Uta

My mother died nine days ago.

It happened both slowly and quickly.

The quickly. She died in her sleep aged 88, in Fiji, where she spent her winters, as she loved the sun and the warmth.

The slowly. I don’t think she ever got to know me and I am certain I never got to know her. Ours was a very, very, long journey of grief and loss. Even her cremains are 3500 km from me.

The rest. She and my father were in a marriage that burned too hot for such a young couple to sustain or control. It could only be extinguished. Prior to no-fault divorce legislation in 1975, this procedure needed a HAZMAT- equipped fire brigade on standby. Theirs was no different.

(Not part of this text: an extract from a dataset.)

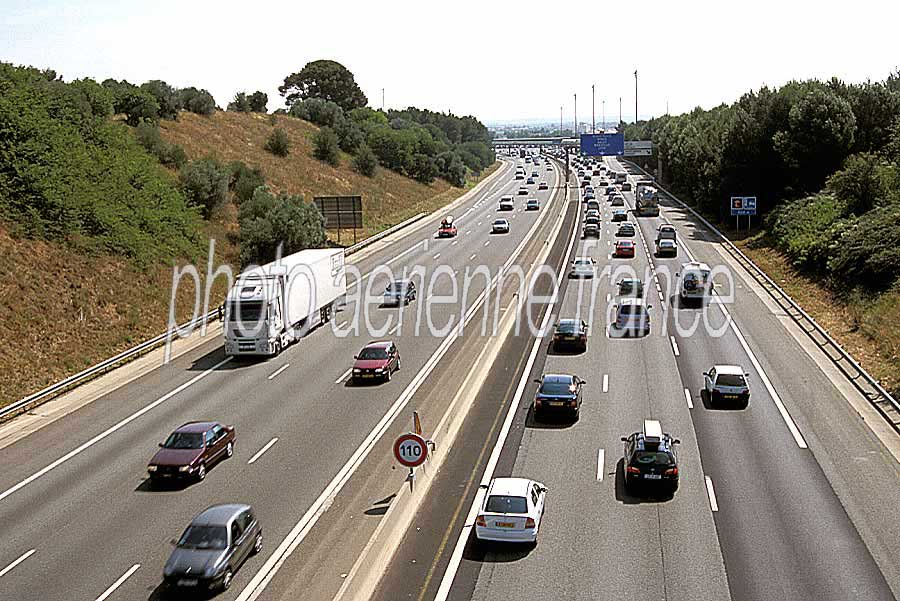 00trafic-autoroute-8-e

My brother and I were cared for by our paternal grandmother and our father. Our mother could take us for a day four times per year. The important times for maternal bonding were deemed Birthdays (mine & his), Easter and Christmas.

I wish there was more that could be said. However, Uta was deliberately cryptic and distant. I bear a resemblance to her that people comment upon. As does my beauteous and smart grrlchild.

I am finally and strangely connected to her in a Schrödinger’s cat thought experiment kind of way. As we wait, here in Australia, for the death certificate, she is neither dead nor alive. I hoped it could have been different.

My mother has died.

I wished I could have known her so much better, and she could have loved me so much more.